Je travaille avec le PAPF à titre consultatif. J'offre mes services pro bono depuis 2012 à titre officiel. Je collabore principalement avec le président de l'association au quotidien mais aussi avec les comités de l'association lors de réunions et de discussions au niveau gouvernemental. Je représente l'association au sein du MedAC.
- Le projet que vous gérerez vise à faire participer les pêcheurs à la cogestion d'une ZMP dans la baie de Chrysochou, en s'appuyant sur le travail déjà entrepris par l'Association pan-chypriote. Pouvez-vous nous parler de la baie de Chrysochou et nous expliquer pourquoi il est important d'y établir une ZMP cogérée ?
La ZMP de Kakoskali a été établie il y a deux ans comme une petite ZMP par une approche ascendante avec une collaboration entre les pêcheurs artisanaux de Latsi (un village dans la baie de Chrysochou), l'ONG Enalia Physis et le département de la pêche. Cette zone est située dans une région relativement isolée au nord-ouest de l'île. Les pêcheurs veulent accroître l'efficacité de l'AMP en cogérant la zone avec les autorités, les parties prenantes locales et les ONG afin que les lois soient appliquées, que les règles et règlements corrects soient décidés et respectés et que les avantages potentiels de l'AMP se concrétisent. Ils ne veulent pas qu'il s'agisse d'une simple AMP sur le papier, mais d'une zone pleinement fonctionnelle où l'environnement et ses composantes sont protégés et, de cette manière, les moyens de subsistance des pêcheurs et des autres utilisateurs.
- En raison de la pandémie de Covid 19, ces derniers mois ont été une période difficile pour les pêcheurs artisanaux du monde entier, avec des mesures d'hygiène strictes en vigueur et l'effondrement des marchés. Comment les pêcheurs de Chypre se sont-ils débrouillés pendant cette période ? Comment ont-ils réussi à survivre et quelles sont leurs perspectives pour la période à venir ?

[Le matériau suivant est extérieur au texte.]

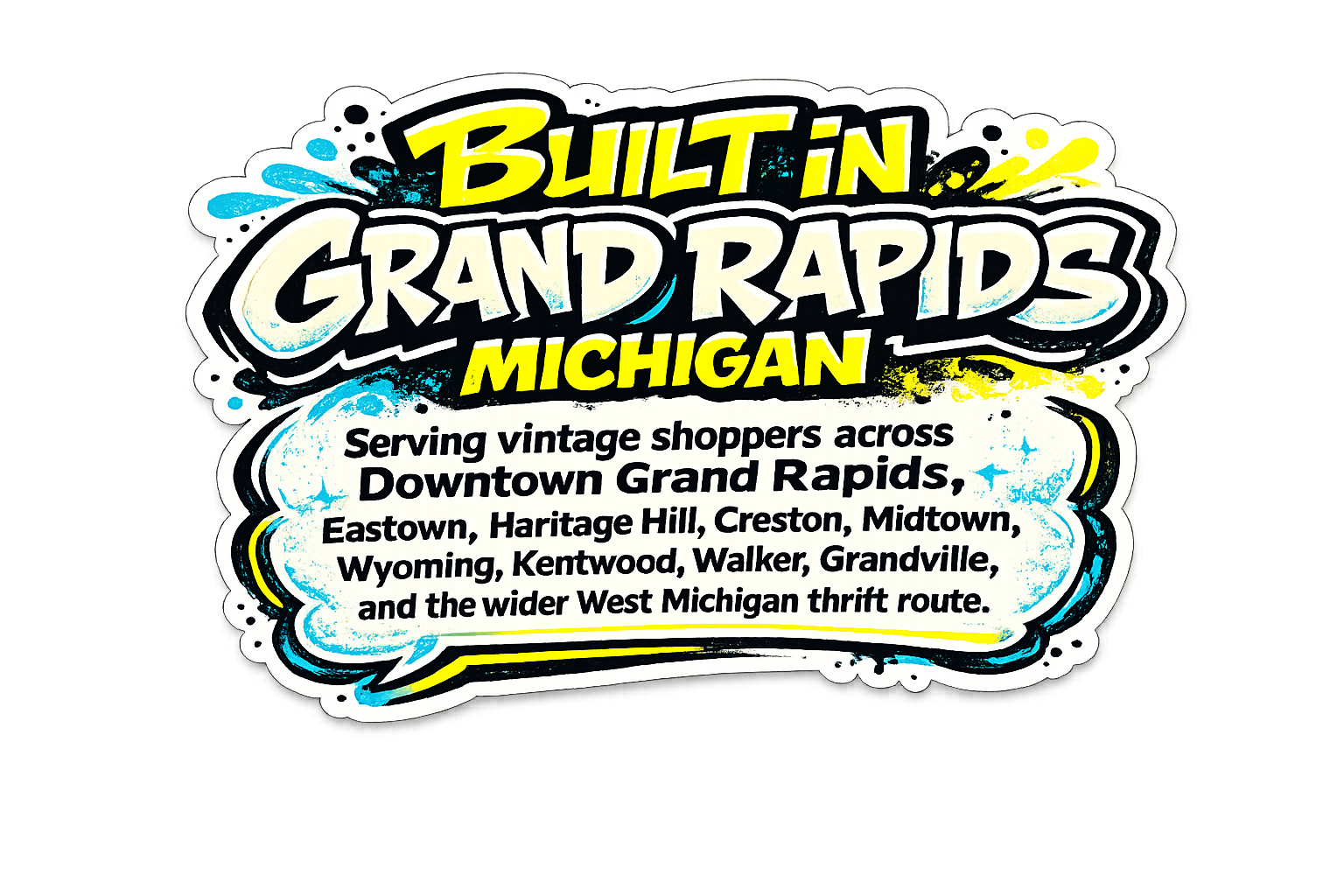 Built in Grand Rapids, Michigan. Serving vintage shoppers across Downtown Grand Rapids, Eastown, Heritage Hill, Creston, Midtown, Wyoming, Kentwood, Walker, Grandville, and the wider West Michigan thrift route.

Les pêcheurs chypriotes ont été principalement touchés par la baisse de la demande de poisson, très prisé à Chypre. La forte réduction de l'industrie touristique, importante pour l'économie locale, ainsi que toutes les mesures relatives à la fermeture et à la réduction de la capacité des tavernes et des restaurants de poisson, en particulier, ont affecté la capacité des pêcheurs à distribuer leurs produits. Le ministère de la pêche a présenté deux fois en 2020 des plans de financement pour la cessation des activités de pêche. Ces plans ont été accueillis favorablement par la grande majorité des pêcheurs, même s'ils ne représentent qu'un montant relativement faible par mois.
- Quelles sont les premières étapes à entreprendre dans la baie de Chrysochou en vue de la cogestion de la ZMP ?
Tout d'abord, nous devons engager une conversation avec l'association au niveau local mais aussi au niveau national (avec l'inclusion du département de la pêche) afin de comprendre le niveau auquel l'idée de cogestion sera mise en œuvre. En outre, une discussion doit avoir lieu concernant les responsabilités que l'association est prête à assumer et que le département de la pêche est prêt à partager. Les restrictions du Covid 19 rendent cependant très difficile la réalisation d'une partie du travail en 2020.